We have recently met two families with kids in our new neighborhood and both of our kids have made new friends. We have made some new friends too, with the parents who are normies! - or at least they appear to be after the first few meetings. - If you have never heard the term normie, I didn't make it up, I swear! But in my circles of sober friends, a normie is a person that is not an alcoholic and/or an addict.
So all this is very awesome, I feel as excited as my kids do! But it also feels a bit scary. Not enough that getting to know new people can be challenging but I haven't even had any normie friends except for my coworkers, since I go sober, actually, probably few years before then! And being in the new neighborhood I still feel like the new kid on the block. LOL!
Last weekend was the 3rd time that all the kids were paying together outside. As I was checking on them periodically, I noticed almost right away, that one dad just sipped on his beer all day long while he worked on his mountain bikes in the garage. - I wondered: How many has he had so far? Doesn't he get drunk at some point? How can he be looking after the kids if he is drinking? - my mind started racing, but wait... He's a normie, he can probably sip on that beer for hours! LOL! And true enough, he did! Ha! I don't know how they do that? Just sipping, all day? I know I would be trashed in a matter of hours. This is how I know I am better off sober!
Then the other day, one of the moms told me how her and her husband like to sleep in on Sundays cause you know, they put-one-on Sat nights - that's their night to let loose, she explained.
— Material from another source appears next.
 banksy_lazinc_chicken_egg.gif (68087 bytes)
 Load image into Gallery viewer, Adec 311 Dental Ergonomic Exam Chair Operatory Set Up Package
I felt jealous for a second... Then sort of fearful, like she probably won't like me when I tell her that I don't drink! Ahh my thoughts were all over, like back in the high school years: will they like me? will I be popular? what do I tell them? do I tell them? Oh, I just want to fit in! Well... I don't have to tell her until I need to tell her, so that might be... never! And I would rather tell her and risk her not "liking" me, than not tell her and risk my sobriety.
It is amazing that alcohol no longer defines me, but my alcoholism is in the forefront of my mind - it has to be if I want to stay sober. At the same time I have to remember that for the normies it is different, they can take it or leave it, they don't wonder if others drink or not! And they probably don't care that some people do or don't. They may make their own judgements sometimes... But that is not my problem. What others think of me is none of my business!
So all is good! One of the great things that I have learned in sobriety is that I don't have to say or explain why I don't drink until I feel that my sobriety maybe in danger or I feel compelled to share that information with other people who may benefit in some way. I do know that when the time comes I will have no problem saying - I don't drink - and I have to if I want to stay sober!